About this exercise: Look below for the line holding "Chocoland Конфеты пралине" and the line holding "H&M - Ribbed jersey trousers - light green". Transcribe exactly those lines and all lines between them, nothing more.

Short text fragments from websites:
________________

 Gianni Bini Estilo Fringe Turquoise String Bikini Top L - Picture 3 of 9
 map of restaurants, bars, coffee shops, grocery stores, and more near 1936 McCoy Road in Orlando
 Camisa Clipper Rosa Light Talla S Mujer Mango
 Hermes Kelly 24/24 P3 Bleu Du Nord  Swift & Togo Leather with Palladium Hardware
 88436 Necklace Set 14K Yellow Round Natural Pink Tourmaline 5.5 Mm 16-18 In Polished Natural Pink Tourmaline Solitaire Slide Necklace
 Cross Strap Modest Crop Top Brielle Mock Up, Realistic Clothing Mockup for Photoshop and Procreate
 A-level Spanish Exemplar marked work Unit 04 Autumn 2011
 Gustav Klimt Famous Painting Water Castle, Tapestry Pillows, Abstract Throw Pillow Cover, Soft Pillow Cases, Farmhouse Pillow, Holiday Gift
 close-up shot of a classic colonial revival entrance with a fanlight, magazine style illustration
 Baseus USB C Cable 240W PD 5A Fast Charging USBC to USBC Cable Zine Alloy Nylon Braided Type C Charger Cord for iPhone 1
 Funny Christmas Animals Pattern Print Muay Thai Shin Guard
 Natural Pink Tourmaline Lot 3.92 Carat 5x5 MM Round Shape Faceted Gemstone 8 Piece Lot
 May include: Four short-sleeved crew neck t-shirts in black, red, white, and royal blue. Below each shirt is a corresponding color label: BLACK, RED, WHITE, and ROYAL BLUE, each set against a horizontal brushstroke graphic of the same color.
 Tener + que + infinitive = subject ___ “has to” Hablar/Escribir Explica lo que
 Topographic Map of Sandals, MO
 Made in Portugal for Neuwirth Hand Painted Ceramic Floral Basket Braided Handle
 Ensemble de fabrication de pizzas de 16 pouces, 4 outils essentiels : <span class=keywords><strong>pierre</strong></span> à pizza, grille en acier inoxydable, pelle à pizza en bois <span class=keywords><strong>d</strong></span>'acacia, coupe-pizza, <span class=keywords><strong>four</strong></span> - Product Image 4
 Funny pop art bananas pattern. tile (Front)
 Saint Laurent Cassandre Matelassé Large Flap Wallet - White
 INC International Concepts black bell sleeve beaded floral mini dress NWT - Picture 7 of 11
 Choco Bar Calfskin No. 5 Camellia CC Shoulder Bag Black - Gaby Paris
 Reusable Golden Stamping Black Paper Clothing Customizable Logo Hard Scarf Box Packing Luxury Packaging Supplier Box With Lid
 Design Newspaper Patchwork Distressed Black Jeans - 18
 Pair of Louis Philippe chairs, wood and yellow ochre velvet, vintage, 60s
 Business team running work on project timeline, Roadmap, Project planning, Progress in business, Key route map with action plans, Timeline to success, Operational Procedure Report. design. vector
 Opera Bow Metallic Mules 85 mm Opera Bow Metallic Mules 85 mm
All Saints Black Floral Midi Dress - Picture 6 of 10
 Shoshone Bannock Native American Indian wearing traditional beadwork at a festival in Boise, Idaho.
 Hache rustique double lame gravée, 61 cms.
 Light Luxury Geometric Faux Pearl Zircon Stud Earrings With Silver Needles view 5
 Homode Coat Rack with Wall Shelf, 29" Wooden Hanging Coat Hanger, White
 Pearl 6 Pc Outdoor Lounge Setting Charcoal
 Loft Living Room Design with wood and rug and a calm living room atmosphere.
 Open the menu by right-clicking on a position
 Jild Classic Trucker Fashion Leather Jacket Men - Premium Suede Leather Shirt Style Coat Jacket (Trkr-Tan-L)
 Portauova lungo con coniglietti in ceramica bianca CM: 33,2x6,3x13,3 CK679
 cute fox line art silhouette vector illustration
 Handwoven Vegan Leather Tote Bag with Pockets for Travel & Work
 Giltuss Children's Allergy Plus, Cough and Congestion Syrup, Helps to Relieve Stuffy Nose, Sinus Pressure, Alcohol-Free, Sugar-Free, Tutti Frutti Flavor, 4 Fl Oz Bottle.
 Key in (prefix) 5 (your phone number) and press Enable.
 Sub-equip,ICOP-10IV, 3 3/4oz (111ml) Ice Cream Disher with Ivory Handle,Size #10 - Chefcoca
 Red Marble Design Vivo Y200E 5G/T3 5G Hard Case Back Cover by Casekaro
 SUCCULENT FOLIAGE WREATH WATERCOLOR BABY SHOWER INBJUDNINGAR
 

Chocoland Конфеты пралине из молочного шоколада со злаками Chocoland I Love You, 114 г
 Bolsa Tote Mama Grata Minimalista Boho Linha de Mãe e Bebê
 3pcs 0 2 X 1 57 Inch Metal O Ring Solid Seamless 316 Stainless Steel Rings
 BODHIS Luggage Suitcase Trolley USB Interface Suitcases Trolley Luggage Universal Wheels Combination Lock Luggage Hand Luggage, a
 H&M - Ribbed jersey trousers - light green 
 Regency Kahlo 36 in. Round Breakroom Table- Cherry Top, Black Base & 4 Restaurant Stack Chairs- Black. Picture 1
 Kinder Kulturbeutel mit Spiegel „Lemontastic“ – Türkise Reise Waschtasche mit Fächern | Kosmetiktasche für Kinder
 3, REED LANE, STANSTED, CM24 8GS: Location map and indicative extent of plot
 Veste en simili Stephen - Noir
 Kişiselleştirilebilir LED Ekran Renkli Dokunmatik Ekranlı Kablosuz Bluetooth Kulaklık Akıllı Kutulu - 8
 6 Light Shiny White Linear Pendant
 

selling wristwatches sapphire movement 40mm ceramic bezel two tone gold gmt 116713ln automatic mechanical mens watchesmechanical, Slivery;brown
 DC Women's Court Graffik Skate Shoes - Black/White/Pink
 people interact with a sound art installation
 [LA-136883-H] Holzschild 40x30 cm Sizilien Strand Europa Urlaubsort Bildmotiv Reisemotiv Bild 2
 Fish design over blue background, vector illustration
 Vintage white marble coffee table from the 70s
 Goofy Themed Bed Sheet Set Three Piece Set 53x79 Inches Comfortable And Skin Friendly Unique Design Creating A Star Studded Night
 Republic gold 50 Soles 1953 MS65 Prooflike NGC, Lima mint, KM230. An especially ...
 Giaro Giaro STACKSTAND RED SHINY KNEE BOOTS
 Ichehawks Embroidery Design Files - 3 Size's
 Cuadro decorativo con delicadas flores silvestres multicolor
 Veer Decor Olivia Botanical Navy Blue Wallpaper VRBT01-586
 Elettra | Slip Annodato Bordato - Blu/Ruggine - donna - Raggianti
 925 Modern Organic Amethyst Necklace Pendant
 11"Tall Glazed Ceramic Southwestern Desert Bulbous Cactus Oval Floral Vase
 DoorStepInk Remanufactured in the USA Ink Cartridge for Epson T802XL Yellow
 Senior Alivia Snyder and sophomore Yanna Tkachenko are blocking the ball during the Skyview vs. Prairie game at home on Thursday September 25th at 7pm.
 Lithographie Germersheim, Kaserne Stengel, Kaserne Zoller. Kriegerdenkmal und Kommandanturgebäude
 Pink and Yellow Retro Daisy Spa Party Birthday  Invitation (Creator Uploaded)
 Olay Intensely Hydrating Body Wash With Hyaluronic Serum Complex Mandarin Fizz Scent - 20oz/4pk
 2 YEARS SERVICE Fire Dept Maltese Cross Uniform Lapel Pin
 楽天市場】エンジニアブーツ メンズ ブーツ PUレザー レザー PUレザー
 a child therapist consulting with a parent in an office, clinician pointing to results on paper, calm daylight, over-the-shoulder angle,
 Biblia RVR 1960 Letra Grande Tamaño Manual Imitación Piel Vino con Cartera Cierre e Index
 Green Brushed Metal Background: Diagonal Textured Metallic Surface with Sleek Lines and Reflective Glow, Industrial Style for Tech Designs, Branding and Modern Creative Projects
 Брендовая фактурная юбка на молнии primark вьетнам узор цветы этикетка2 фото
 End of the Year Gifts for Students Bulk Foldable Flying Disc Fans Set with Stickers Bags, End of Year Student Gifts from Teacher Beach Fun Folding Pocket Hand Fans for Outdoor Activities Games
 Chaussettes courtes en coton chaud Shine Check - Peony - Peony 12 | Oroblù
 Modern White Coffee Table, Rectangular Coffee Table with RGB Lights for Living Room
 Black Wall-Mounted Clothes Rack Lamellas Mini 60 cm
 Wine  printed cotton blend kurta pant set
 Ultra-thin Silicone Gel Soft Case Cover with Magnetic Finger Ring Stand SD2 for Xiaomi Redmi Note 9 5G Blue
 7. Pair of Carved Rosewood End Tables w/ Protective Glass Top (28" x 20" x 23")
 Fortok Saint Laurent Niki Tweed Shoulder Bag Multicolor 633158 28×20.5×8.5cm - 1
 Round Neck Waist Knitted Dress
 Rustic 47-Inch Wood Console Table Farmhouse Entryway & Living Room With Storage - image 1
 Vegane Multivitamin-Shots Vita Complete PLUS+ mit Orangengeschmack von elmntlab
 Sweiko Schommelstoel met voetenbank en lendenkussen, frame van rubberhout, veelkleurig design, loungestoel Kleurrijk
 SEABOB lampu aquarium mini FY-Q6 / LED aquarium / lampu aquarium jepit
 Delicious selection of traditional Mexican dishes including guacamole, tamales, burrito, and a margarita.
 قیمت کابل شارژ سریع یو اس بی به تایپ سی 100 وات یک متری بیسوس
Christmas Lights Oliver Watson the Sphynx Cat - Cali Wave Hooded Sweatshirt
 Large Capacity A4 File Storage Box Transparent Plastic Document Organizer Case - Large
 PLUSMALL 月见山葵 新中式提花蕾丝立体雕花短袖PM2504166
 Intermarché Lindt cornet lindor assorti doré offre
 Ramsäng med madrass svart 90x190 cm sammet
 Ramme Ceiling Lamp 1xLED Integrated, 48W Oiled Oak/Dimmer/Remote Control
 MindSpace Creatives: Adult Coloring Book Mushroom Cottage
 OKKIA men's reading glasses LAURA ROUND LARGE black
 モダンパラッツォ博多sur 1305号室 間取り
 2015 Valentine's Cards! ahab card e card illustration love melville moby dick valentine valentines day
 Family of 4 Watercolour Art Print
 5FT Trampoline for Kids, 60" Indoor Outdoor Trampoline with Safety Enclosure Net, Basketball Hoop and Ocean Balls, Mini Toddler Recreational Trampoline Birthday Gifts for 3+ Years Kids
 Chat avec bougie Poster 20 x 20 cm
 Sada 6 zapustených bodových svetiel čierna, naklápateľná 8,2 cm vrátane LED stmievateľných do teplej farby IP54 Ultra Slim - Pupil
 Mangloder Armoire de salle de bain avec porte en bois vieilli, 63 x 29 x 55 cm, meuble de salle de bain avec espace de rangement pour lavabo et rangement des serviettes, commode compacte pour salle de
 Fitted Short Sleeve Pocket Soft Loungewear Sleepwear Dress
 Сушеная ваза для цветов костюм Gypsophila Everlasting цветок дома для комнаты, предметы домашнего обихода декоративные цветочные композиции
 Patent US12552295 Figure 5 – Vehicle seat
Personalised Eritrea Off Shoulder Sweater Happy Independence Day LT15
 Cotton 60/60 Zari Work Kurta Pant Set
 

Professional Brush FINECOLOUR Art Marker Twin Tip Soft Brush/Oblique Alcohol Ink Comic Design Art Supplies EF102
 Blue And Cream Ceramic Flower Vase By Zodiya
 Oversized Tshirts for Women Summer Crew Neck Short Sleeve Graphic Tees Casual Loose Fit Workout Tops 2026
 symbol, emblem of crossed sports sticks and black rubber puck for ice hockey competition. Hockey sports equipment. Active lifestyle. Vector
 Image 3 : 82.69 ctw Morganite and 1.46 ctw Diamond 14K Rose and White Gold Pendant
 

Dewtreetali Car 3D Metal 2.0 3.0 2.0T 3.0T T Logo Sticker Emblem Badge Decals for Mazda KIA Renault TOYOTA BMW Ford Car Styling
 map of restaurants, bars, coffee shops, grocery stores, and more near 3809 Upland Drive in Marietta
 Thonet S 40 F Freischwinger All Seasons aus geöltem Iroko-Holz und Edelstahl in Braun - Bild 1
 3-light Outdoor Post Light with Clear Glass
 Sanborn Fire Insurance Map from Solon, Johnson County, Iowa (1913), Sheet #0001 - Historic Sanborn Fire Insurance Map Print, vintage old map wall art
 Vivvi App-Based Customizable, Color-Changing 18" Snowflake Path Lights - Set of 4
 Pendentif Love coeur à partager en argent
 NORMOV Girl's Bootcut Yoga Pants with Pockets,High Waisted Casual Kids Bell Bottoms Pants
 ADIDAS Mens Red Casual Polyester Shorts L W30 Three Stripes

________________

Your response:
Chocoland Конфеты пралине из молочного шоколада со злаками Chocoland I Love You, 114 г
 Bolsa Tote Mama Grata Minimalista Boho Linha de Mãe e Bebê
 3pcs 0 2 X 1 57 Inch Metal O Ring Solid Seamless 316 Stainless Steel Rings
 BODHIS Luggage Suitcase Trolley USB Interface Suitcases Trolley Luggage Universal Wheels Combination Lock Luggage Hand Luggage, a
 H&M - Ribbed jersey trousers - light green 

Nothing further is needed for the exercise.